Work instructions: When you spot the word "photo" in a line of the data below, copy that line.

[Collected data]
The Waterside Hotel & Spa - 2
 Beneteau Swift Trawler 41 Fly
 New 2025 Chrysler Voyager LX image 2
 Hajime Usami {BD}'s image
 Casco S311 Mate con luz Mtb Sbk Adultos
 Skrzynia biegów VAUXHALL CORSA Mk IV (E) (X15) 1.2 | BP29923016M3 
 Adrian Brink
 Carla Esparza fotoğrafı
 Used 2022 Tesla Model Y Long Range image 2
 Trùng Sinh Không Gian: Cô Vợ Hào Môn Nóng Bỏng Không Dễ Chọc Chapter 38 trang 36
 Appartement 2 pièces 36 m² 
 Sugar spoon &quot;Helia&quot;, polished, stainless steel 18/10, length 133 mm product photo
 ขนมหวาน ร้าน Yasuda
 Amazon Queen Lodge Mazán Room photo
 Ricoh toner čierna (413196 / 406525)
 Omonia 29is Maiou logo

Task answer:
 Sugar spoon &quot;Helia&quot;, polished, stainless steel 18/10, length 133 mm product photo
 Amazon Queen Lodge Mazán Room photo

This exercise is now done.